C'est bien plus sûr que de laisser la tribune de l'Union Africaine à ses contempteurs dont la Mauritanie, qui y fait office de chef de file. D’autant  plus que pour l’Union africaine, la République Arabe Sahraoui est un état souverain, membre de l’organisation depuis 1982.

Notons que l’ONU ne reconnait ni la RASD ni la souveraineté du Maroc sur ce territoire dont il contrôle pourtant les 80%.

C’est que l’occasion était trop belle pour le Maroc qui s’est fait un plaisir de  travailler le Président Macky Sall au corps, pour qu’il offre une  tribune aussi spéciale qu’officielle au Roi Son Altesse Mohamed 6, une tribune d’où il a prononcé un discours historique dont la portée dépasse largement nos frontières et aura un écho jusqu’aux… Nations Unies, dont le Sénégal comme par un heureux hasard, est membre non permanent de son  conseil permanent ! 
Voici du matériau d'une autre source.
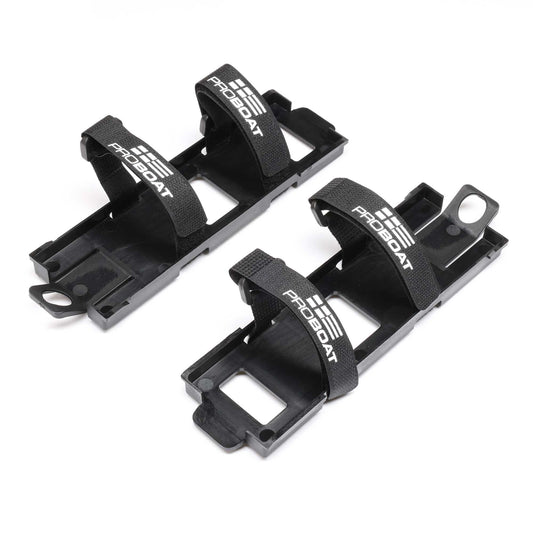 Pro Boat SSL Battery Tray, Large: SSW 48" PRB-1635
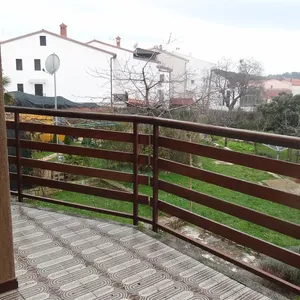Дом в Пула, фото 4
Notons aussi que par un heureux hasard du calendrier, le Président Macky Sall se rendra dès après la visite du Roi…à Washington !

Sur le plan économique, le Maroc est le roi de notre système bancaire, dont il détient 70%. Autant dire qu'il est un poids lourd dans notre économie, où il concurrence même la France dans  les domaines de l'immobilier et des infrastructures.

L'inféodation économique du Sénégal au Maroc dont il  est devenu l'arrière cour est désormais aussi une option irréversible de Macky ! Il semble que le Président Macky Sall a dorénavant choisi la facilité avec la vassalisation économique du Sénégal en effet, plutôt que  de poser les actes fondateurs d'une rupture dans la démarche diplomatique pour positionner notre pays en leader dans la sous région et le continent, en en faisant un hub financier, car nous avons autant d'atouts que le Maroc sur ce point. 

Et d'ailleurs dans l'histoire de l'humanité aucun pays ne s'est développé en comptant sur l'aide d'un autre pays, même s'il s'appelle le Maroc ! 

Et vu les perspectives formidables de décollage économique qui s’offrent à nous, il ne devrait pas être question de permettre à un partenaire économique quelconque de se tailler la part du lion dans la valorisation de nos potentialités économiques. Ne serait-ce que pour conserver notre souveraineté économique sur des  questions stratégiques, en prévision de l’avenir qui s’annonce radieux pour le Sénégal si les fruits tiennent la promesse des fleurs.

Le Président Macky Sall devrait sur ce point se rappeler  que les États n'ont pas d'amis, ils n'ont que des intérêts.

Et d’ailleurs, en termes de réciprocité, qu'est ce que le Sénégal  gagne, dans ses relations privilégiées avec le Royaume du Maroc?

On ne fait pas de la diplomatie avec des bons sentiments...

Et il est grand temps que nos relations avec le Maroc cessent d'être des relations d'amour spécial où nous donnons le meilleur de nos atours sans recevoir grand-chose en retour, pour devenir des relations d'affaires gagnant-gagnant, et spécialement équilibrées, renforcées par le partage d'un même substrat  culturel en plusieurs points, qui fait des peuples marocain et sénégalais, une même nation, sur ce point.